Barely two months after its crown prince was sent to prison on corruption charges, the family that controls Samsung’s vast business empire is again facing allegations of white-collar crime.

The South Korean police raided the head office of Samsung’s construction arm on Wednesday as they investigated whether Lee Kun-hee, the group’s patriarch, had misappropriated company funds to renovate his family’s home. Investigators will soon begin questioning others, including company officials, an officer involved with the investigation said.

The construction arm, a unit inside the Samsung C&T Corporation, said on Wednesday that it could not comment on a continuing police inquiry. It had previously disputed the allegations.
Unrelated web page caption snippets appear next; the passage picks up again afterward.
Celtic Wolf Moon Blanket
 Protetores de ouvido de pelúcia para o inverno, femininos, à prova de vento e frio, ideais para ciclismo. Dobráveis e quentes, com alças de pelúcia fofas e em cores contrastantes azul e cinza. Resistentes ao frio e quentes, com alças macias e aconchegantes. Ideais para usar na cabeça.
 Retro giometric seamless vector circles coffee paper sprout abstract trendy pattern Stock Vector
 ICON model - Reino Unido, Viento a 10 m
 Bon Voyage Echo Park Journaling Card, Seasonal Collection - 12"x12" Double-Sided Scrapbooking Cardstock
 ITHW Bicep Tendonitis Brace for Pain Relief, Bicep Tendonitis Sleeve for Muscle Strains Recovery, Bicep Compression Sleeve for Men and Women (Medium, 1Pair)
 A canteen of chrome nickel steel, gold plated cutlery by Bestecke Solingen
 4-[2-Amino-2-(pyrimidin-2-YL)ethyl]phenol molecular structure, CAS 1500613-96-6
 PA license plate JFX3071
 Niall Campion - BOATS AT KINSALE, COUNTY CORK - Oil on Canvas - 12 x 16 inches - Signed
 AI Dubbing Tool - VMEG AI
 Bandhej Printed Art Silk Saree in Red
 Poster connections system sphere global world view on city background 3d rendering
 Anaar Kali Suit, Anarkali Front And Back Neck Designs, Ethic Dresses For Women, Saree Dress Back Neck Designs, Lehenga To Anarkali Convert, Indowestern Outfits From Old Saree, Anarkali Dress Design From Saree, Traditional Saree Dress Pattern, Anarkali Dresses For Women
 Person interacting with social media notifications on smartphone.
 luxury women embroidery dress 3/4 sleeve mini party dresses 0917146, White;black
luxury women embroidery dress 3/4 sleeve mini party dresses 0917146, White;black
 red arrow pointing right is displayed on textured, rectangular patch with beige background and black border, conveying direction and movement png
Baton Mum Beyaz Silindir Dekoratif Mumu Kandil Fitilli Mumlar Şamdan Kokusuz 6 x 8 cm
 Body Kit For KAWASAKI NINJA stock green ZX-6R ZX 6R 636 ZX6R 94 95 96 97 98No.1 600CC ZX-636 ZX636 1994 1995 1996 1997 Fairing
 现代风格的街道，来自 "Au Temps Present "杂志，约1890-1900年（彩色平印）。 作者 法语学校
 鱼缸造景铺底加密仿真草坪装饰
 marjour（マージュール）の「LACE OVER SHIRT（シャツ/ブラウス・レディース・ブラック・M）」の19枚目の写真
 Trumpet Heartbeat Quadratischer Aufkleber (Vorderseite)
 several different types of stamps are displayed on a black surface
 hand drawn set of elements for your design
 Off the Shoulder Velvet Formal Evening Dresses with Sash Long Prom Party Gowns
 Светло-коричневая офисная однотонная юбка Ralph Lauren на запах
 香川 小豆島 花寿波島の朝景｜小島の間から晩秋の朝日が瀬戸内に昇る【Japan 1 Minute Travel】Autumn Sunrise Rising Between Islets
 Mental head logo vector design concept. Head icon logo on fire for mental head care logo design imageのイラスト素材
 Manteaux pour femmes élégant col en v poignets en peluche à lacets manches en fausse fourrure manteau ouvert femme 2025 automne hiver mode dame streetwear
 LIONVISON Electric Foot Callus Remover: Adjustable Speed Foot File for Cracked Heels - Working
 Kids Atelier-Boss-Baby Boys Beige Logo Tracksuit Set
The police officer, who asked not to be identified because he was not authorized to speak publicly, declined to disclose how much money investigators believe may have been involved.

The investigation follows the conviction in August of Mr. Lee’s son, Lee Jae-yong, 49, who is vice chairman of Samsung Electronics, the most profitable arm of the company. The younger Mr. Lee was sentenced to five years in prison for bribery. He has appealed the conviction.

The raid on Wednesday and the investigation behind it added to the uncertainty surrounding Samsung, South Korea’s biggest company and a global name in electronics and other industries. Samsung’s myriad businesses, which range from smartphones and memory chips to drugs and insurance, appeared to be running without major hiccups in recent months.

But the legal troubles of the family behind Samsung have renewed concerns in South Korea about the fate of the conglomerate, a major economic force in the country. The scrutiny also reflects public frustration with years of criminal charges leveled against the leaders of Samsung and some other big family-run companies that have led to light sentences and even to official pardons.

Lawmakers have also turned up the pressure. This week, Park Yong-jin, a member of South Korea’s governing Democratic Party and a vocal critic of the country’s corporate culture, dragged one of Lee Kun-hee’s two earlier convictions back into the limelight when he said that financial authorities had allowed the Samsung executive to inherit billions of dollars from his father without paying taxes.

South Korea would have reaped about $2 billion from the transaction, “if tax authorities had followed the rules and levied inheritance taxes,” Mr. Park said.

The criticism put the spotlight on one of Samsung’s most embarrassing episodes.

In 2008, prosecutors found 4.5 trillion South Korean won, or roughly $4.5 billion at the time, in assets that belonged to Lee Kun-hee but were divided up in more than 1,000 accounts under his lieutenants’ names. Prosecutors alleged that Lee Kun-hee had inherited the money from his father, Lee Byung-chull, Samsung’s founder, and that it had been structured to avoid taxes.

Lee Kun-hee was convicted in 2008, but South Korea’s president at the time, Lee Myung-bak, pardoned him the following year. It was the second time Lee Kun-hee had been given a presidential reprieve: He was also pardoned in 1997, a year after a conviction on bribery charges.

In a statement on Wednesday, Samsung said, without specifying amounts, that Mr. Lee had paid all the taxes that he promised to reimburse in 2008.

“The principle remains completely unchanged that the money will be used for a good cause,” the statement said.

Lee Kun-hee, 75, has been incapacitated since a heart attack in 2014. Many South Koreans still express admiration for the industrialist because of his transformation of Samsung from a local manufacturer of cheap goods into a global behemoth.

Samsung C&T, one of the conglomerate’s biggest units, has a portfolio including major power plants and suspension bridges, as well as the Burj Khalifa in Dubai, the world’s tallest building.

Lee Kun-hee reportedly owns the five most expensive houses in Seoul, the South Korean capital, all valued at more than $10 million. His main residence in the area of Itaewon, a coveted address occupied by ambassadors and the country’s wealthiest families, is worth around $20 million, according to official city data.